RHESSI will have the finest angular and the spectral resolution of any hard X-ray or gamma-ray instrument ever flown in space. Relative to previous instruments, RHESSI, with its total effective area of up to 100 square centimeters, will be a factor of 10 more sensitive than SXT on Hinotori, and more than 100 times more sensitive than HXIS on SMM.

Compared to HXT on Yohkoh, RHESSI will extend from 3 keV to 1 MeV rather than from 15 to 100 keV, and will have an angular resolution of two arcseconds compared to >5 arcseconds. Furthermore, the RHESSI imaging technique using rotational modulation collimators is inherently much less susceptible to systematic errors due to calibration uncertainties so that RHESSI will provide much better image quality and dynamic range than HXT.

RHESSI will be the first imaging spectrometer in orbit with high-resolution germanium detectors. Thus, while it has less sensitive volume for the detection of gamma rays than do the BATSE and OSSE instruments on CGRO, it will have a factor of 25 superior energy resolution at 1 MeV.

INTEGRAL is also planned to include germanium detectors and is scheduled to fly around the year 2000, but it will never be able to observe the Sun directly because of spacecraft constraints and it has only multi-arcminute imaging capability.

The imaging capability of RHESSI is based on a Fourier-transform technique using a set of 9 Rotational Modulation Collimators (RMCs). Each RMC consist of two widely-spaced, fine-scale linear grids, which temporally modulate the photon signal from sources in the field of view as the spacecraft rotates about an axis parallel to the long axis of the RMC. The modulation can be measured with a detector having no spatial resolution placed behind the RMC. The modulation pattern over half a rotation for a single RMC provides the amplitude and phase of many spatial Fourier components over a full range of angular orientations but for a small range of spatial source dimensions. Multiple RMCs, each with different slit widths, can provide coverage over a full range of flare source sizes. An image is reconstructed from the set of measured Fourier components in exact mathematical analogy to multi-baseline radio interferometry.

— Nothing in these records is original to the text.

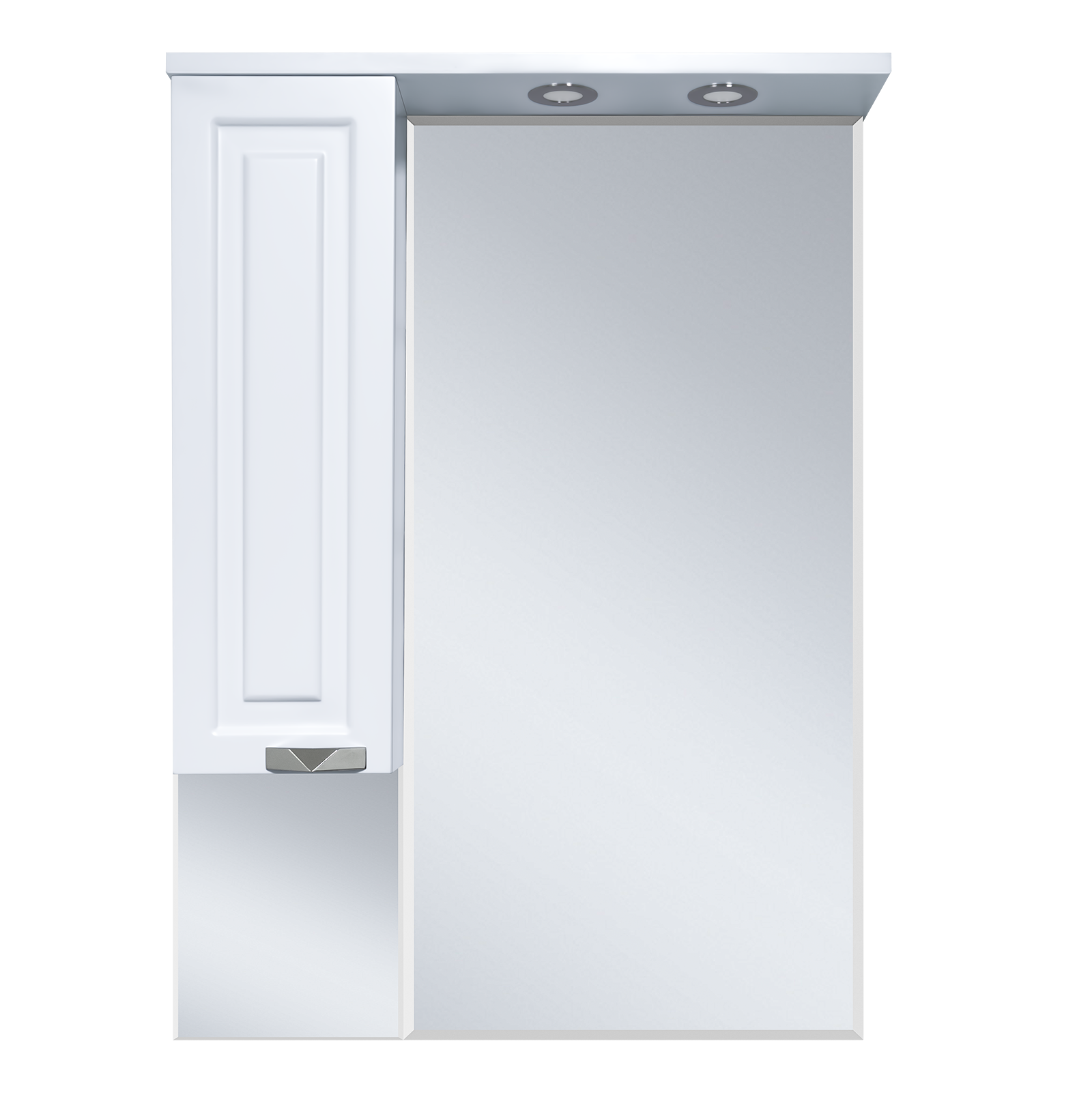 Зеркало-шкаф Мисти Терра 70 белый левый терра лофт сб 2962 шкаф 2 х дверный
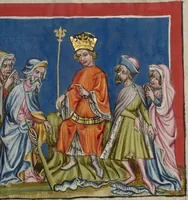 An illustration from Weltchronik (1400)
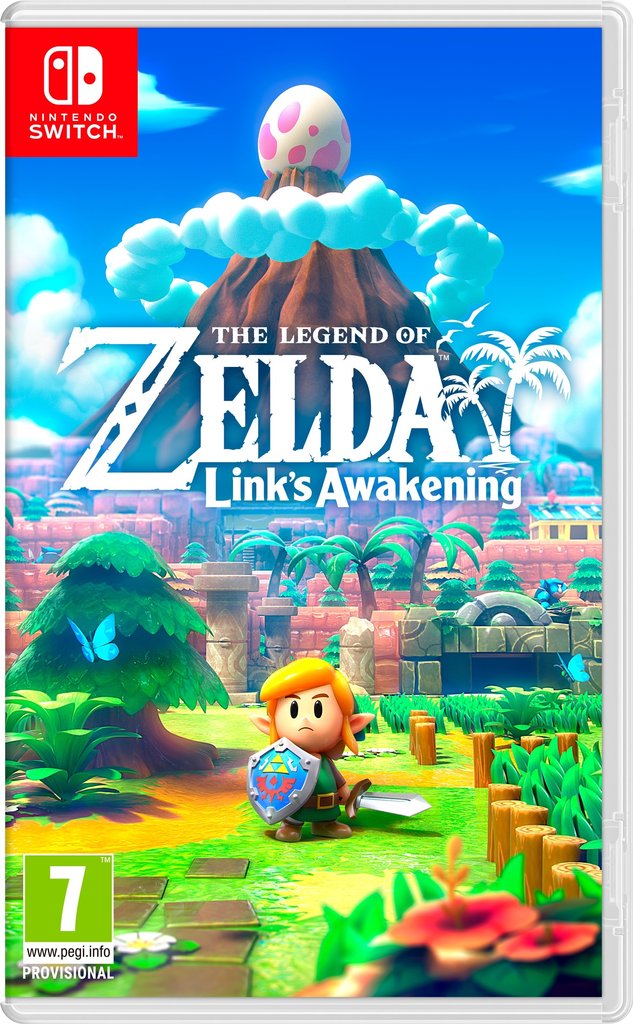 The Legend of Zelda: Link’s Awakening Remake cover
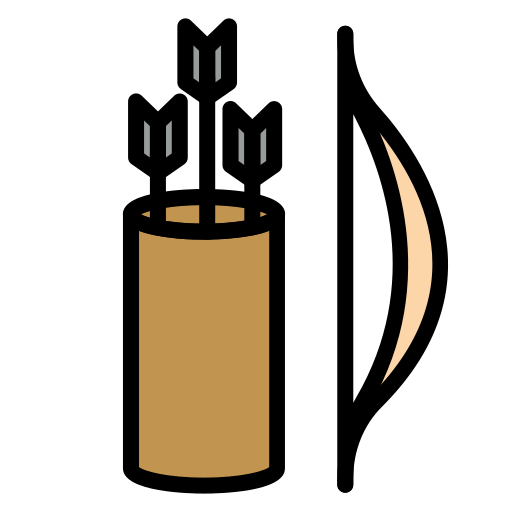 arco y flecha Generic color lineal-color icono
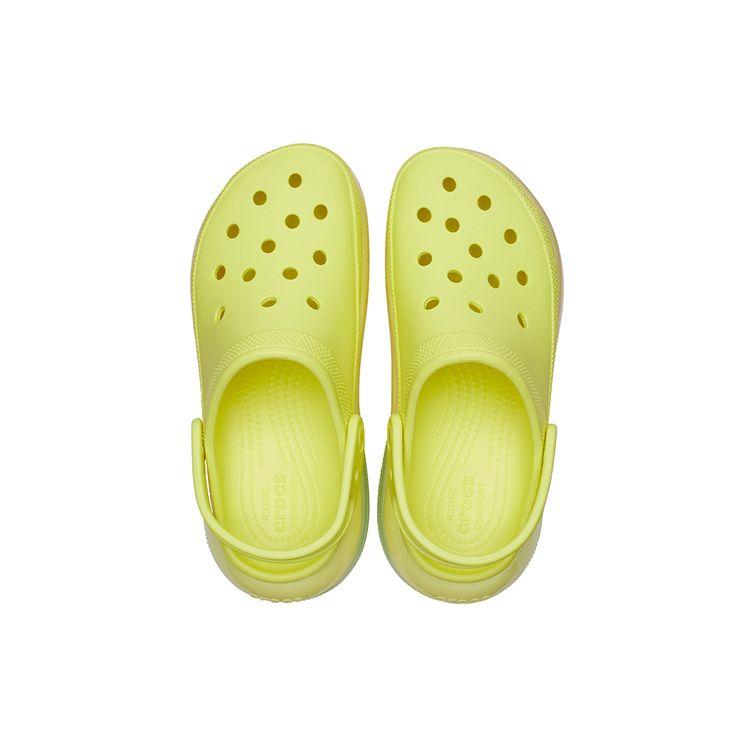 Crocs Classic Light Wheel Thick Sole Clogs Women Footwear Acid-Yellow 207988-76M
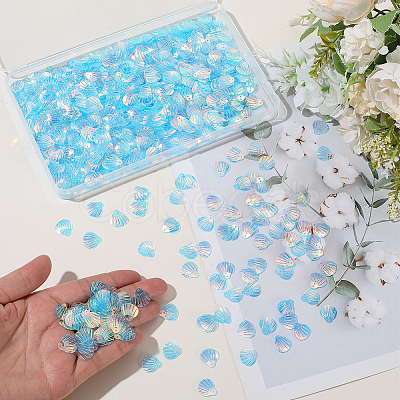 100G PVC Sequin/Paillette Beads KY-CY0001-06A-1
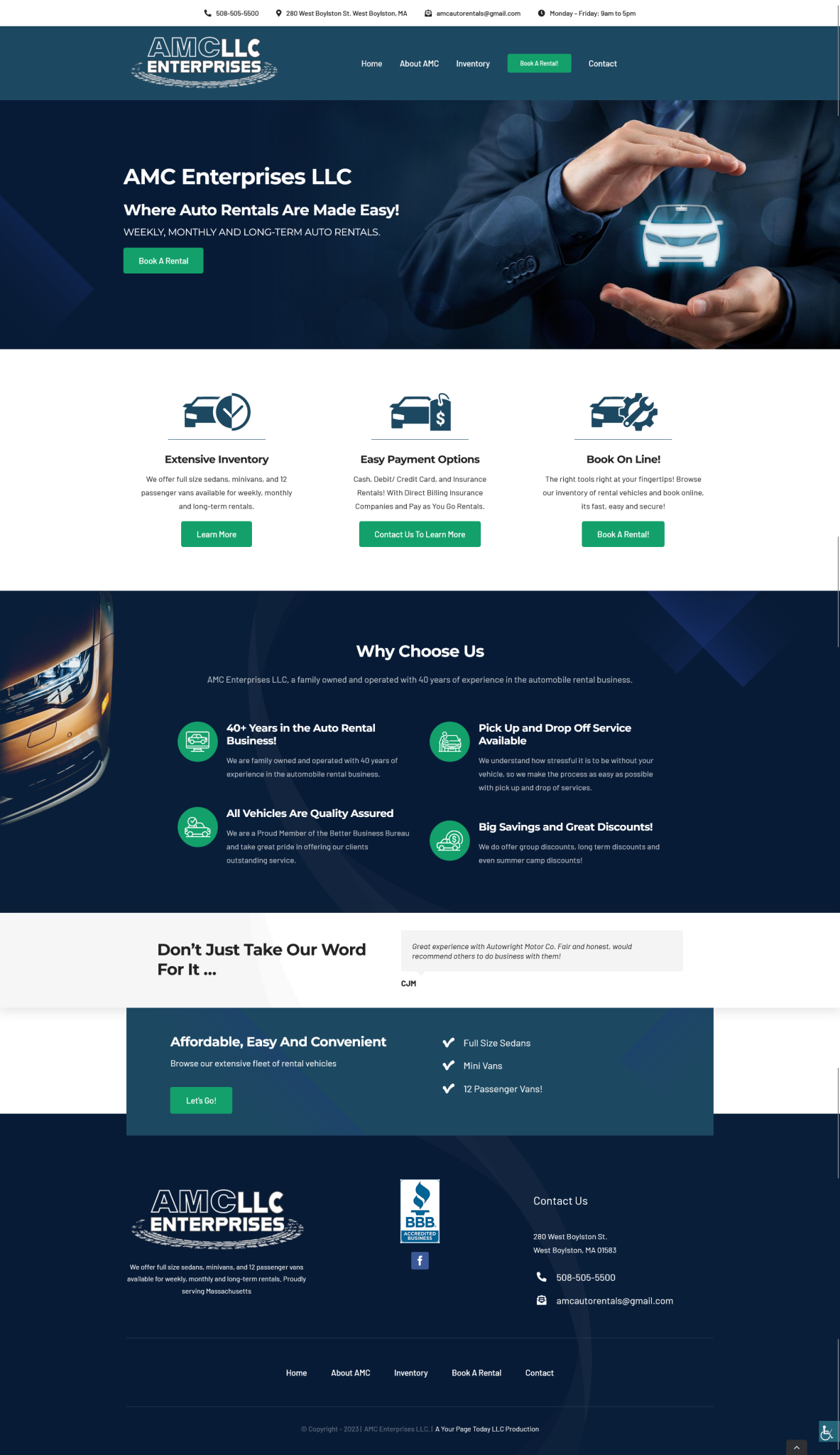 CarRentalsWorcesterandAuburnMA Your Page Today LLC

RHESSI will provide spatial resolution of 2 arcseconds at X-ray energies below ~40 keV, 7 arcseconds to 400 keV, and 36 arcseconds for gamma-ray lines and continuum above 1 MeV. The chosen spacecraft rotation rate of 15 rpm provides a complete image with the maximum number of Fourier components in 2 s, but spatial information from fewer Fourier components is still available on time scales down to 10's of ms, provided the count rates are sufficiently high.

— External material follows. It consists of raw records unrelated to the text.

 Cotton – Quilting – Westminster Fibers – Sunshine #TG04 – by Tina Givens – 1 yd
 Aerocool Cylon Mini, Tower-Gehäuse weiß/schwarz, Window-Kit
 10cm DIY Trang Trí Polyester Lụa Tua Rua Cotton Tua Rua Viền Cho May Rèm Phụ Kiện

The detectors baselined for RHESSI behind the RMCs are the largest currently available hyperpure (n-type) germanium detectors (HPGe), 7.1 cm in diameter and 8.5 cm long. They will be cooled to their operating temperature of 75 K by a single electro-mechanical cryocooler. Such detectors can cover the entire X-ray to gamma-ray energy range from 3 keV to 20 MeV with the highest spectral resolution of any presently available detector (<2 keV below 1 MeV to 5 keV at 20 MeV). The keV spectral resolution of germanium detectors is necessary to resolve all of the solar gamma-ray lines (with the exception of the neutron deuterium line, which has an expected FWHM of only 0.1 keV). It is also required to resolve the detailed features of the X-ray continuum spectrum such as the steep super-hot thermal component and the sharp breaks in the nonthermal component at higher energies.

Germanium detectors with two electrically-independent segments will be used so that the front 1-cm thick segment will measure hard X rays up to 200 keV with low background while the rear 7-cm thick segment will provide undistorted high-resolution gamma-ray line measurements, even in the presence of very intense hard X-ray fluxes in large flares. The cumulative radiation dose to the germanium detectors in a three-year mission lifetime is low enough in a low-Earth orbit to avoid noticeable radiation damage to the detectors. Thus, it is not necessary to add a thick, and necessarily heavy, shield in this orbit, making the lightsat approach feasible.